And so on. Really, though, when it comes to good Skill Challenges, anything goes. The only essential is that you make sure the PCs can make interestign choices.

-rg
 

Tony Vargas

Legend
It seems to be pretty well accepted that 4ed rules allow for gripping and balanced fights at the price of extending combat length. I consider this a fair trade for major battles that have a serious chance of killing the group or that significantly advance the parties goals.
It's not really a price. A climactic battle that ended in the first round would be, well, anti-climactic. An interesting tactical engagement or a major battle for high stakes, in order to be dramatic, needs to take a little longer. That's not a price, it's part of the point.

However, this does not describe all fights; in many situations, the PCs may face inferior foes.

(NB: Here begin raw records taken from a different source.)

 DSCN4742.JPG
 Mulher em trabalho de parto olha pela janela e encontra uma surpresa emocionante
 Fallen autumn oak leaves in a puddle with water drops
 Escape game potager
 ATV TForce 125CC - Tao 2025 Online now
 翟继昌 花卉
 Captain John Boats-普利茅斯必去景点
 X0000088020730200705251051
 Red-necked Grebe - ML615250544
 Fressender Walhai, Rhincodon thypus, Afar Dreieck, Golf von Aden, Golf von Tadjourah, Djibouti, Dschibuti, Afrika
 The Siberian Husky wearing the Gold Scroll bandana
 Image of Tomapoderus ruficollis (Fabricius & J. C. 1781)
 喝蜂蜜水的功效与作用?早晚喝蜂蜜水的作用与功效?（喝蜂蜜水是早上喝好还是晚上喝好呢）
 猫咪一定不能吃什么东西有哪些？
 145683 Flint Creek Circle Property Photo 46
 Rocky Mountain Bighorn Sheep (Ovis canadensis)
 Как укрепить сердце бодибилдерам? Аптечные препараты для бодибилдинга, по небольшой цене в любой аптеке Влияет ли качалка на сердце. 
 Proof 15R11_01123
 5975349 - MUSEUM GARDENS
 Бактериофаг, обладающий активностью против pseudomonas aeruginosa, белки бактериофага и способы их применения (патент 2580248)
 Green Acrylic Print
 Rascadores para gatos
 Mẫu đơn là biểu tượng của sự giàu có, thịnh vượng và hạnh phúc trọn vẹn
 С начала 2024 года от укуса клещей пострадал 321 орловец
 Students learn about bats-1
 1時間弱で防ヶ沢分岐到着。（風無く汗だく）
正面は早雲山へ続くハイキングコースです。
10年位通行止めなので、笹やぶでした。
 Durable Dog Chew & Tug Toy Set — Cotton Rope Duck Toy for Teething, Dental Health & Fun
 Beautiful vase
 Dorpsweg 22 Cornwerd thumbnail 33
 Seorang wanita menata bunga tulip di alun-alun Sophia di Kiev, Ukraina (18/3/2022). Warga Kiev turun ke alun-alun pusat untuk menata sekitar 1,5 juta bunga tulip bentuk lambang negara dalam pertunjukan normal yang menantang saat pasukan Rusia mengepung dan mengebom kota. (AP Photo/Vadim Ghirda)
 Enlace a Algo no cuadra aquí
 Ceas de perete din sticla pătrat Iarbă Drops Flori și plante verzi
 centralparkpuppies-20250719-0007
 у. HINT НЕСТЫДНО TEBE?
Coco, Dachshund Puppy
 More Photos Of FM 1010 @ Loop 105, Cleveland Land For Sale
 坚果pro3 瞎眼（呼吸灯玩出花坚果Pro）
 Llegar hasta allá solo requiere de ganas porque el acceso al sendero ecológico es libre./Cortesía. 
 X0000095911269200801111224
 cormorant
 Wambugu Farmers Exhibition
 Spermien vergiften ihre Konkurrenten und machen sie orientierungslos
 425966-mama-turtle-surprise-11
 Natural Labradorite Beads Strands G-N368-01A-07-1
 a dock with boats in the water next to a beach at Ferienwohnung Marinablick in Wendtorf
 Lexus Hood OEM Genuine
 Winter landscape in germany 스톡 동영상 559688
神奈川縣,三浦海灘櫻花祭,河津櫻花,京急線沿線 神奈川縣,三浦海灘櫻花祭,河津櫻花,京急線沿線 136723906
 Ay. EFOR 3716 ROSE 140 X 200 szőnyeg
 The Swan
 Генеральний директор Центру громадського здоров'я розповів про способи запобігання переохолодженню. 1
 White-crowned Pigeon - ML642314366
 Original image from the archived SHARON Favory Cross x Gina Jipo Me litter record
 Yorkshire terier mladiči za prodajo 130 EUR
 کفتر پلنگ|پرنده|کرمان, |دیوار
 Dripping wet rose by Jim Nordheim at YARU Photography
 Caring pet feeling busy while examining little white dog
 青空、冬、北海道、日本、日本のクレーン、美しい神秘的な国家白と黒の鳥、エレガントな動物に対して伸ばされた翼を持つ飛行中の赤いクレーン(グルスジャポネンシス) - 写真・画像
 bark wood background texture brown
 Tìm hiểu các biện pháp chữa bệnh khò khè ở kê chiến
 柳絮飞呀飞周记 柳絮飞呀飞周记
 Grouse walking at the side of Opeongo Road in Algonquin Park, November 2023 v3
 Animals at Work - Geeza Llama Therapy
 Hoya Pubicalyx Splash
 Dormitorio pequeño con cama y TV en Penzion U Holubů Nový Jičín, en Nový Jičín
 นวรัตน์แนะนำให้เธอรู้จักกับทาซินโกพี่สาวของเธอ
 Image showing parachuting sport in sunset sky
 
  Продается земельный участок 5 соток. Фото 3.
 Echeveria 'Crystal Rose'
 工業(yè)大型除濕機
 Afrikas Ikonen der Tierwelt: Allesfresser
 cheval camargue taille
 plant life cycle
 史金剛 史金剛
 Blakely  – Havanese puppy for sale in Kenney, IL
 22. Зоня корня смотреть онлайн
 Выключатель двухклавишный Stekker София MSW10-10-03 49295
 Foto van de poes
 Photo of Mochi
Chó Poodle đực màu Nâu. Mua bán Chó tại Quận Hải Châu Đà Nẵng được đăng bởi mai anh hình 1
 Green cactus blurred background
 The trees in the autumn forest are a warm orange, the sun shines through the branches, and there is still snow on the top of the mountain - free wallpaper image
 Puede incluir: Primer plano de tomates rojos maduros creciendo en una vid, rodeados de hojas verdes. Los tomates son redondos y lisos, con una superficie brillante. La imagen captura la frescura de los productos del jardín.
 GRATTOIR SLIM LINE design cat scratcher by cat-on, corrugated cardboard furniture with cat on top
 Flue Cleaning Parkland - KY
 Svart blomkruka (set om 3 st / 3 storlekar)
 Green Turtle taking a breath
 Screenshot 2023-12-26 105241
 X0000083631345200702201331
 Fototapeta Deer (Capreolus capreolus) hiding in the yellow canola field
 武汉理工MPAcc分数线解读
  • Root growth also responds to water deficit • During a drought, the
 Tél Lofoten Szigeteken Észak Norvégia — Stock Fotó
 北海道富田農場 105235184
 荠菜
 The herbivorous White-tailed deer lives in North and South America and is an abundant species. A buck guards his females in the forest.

So in this thread I am trying to brainstorm how to modify easy fights (encounters at the level of the group or lower) to make them faster while also making them more exciting.
For trivial fights, use minions. A good example is the 'sound the alarm' scenario. There are a small number of minions but they can summon much more dangerous foes if they aren't all taken down very quickly. Combine the minions with a skill challenge to sneak up on them or keep them from sounding the alarm long enough to kill them - or a more difficult one to bluff your way out of or evade the re-enforcement if you don't kill 'em quick enough.


Here are some suggestions that i would like some feedback on:

1. Double Damage: Monsters deal double damage while having half the hit points.
Sort of a 'bloodied rage?' Works fine, actually. It'll encourage the players to really pull out the stops and finish a monster once it's bloodied.

2. Loose the map.
Not particularly helpful unless you want to mostly hand-wave the combat. You'll lose more time in explaining and re-explaining and correcting mistakes in positioning and settling arguments over who can attack whom and who was in what AE than you'll save in setting up and striking a map and minis.

What could I do to reduce the disadvantages of loosing the map?
It's really a matter of talent. If you're one of those DMs who can keep a complicated fight 'in his head,' or, like me, convincingly fake it, you can ditch the map for less significant combats and 'story mode' through movement and positioning, using mechanics to resolve attacks and damage and the like. You might also not keep track of exact hps and other stats for monsters, just have the monsters start dropping when you've gotten what you want out of the fight.

Am I overlooking any other simplification?
Keep the monsters simple. At-level fights vs only standard monsters can go pretty quickly, especially if you don't fall into the standard focus-fire tactic, but instead use AEs and multiple attacks and save the 'finishing moves' for the last round of combat. Otherwise, the usual burn 'em down one at a time tactic can leave the last couple of enemies feeling clearly over-matched, but fresh enough to survive making a run for it.

Avoid Solos, Elites, monsters with many different powers, recharging powers, and the like. Definitely avoid monsters with weaken, stun, insubstantial and other tricks that'll slow the party down. They're great for 'tough' fights but merely frustrating for at-level or underleveled ones.